Accumulation of radiolabeled hepcidin in the proximal duodenum and the spleen reflects the high expression of ferroportin in duodenal enterocytes and macrophages.¹⁶  The lower accumulation of hepcidin in the liver is probably due to the lower ferroportin expression in numerically dominant hepatocytes compared with hepatic macrophages. If so, the relatively lower ferroportin activity in hepatocytes could help explain why these cells (rather than the macrophages) preferentially accumulate iron in most iron overload diseases.

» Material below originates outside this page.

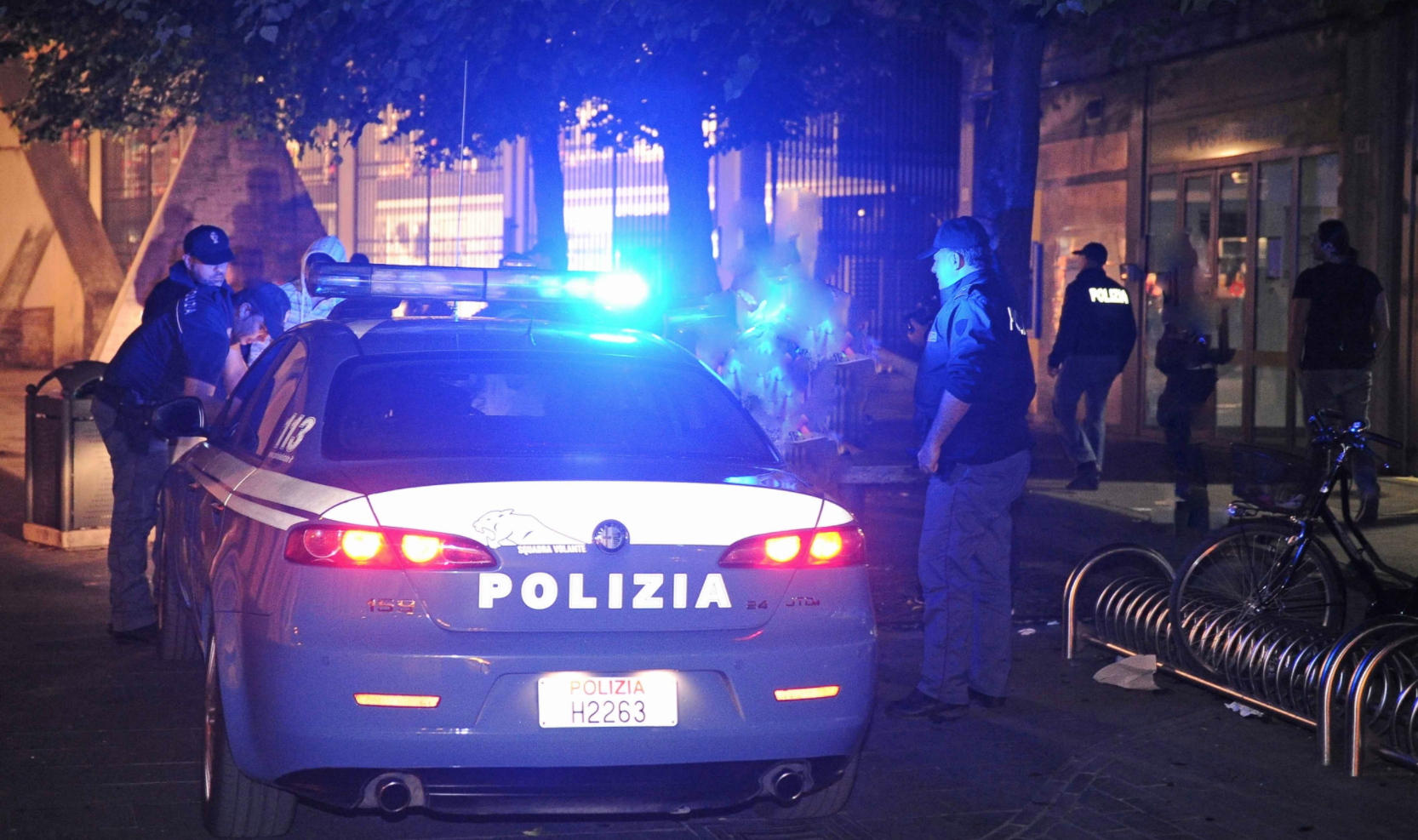 Polizia al lavoro. Archivio (foto www.questure.poliziadistato.it)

Based on the blood levels of hepcidin 1 hour after the administration of 50 μg intraperitoneally and the dose response relationship between the hepcidin dose and serum iron (Figure 1), we estimate that hepcidin exerts its hypoferremic activity at blood concentrations in the 0.1 to 1 μM range. This estimate is consistent with the in vitro studies of hepcidin-ferroportin interactions (effective concentration for 50% inhibition [EC₅₀] = 0.7 μM).⁸  Moreover, exogenous hepcidin is concentrated in tissues that express ferroportin, providing further support for the key role of hepcidin-ferroportin interactions in the regulation of iron transport. Through its effect on ferroportin, hepcidin may fulfill the dual role of maintaining a stable milieu of extracellular iron concentration in support of erythropoiesis and other iron-dependent processes, and acting as a host-defense mediator by rapidly lowering extracellular iron concentrations in response to infections.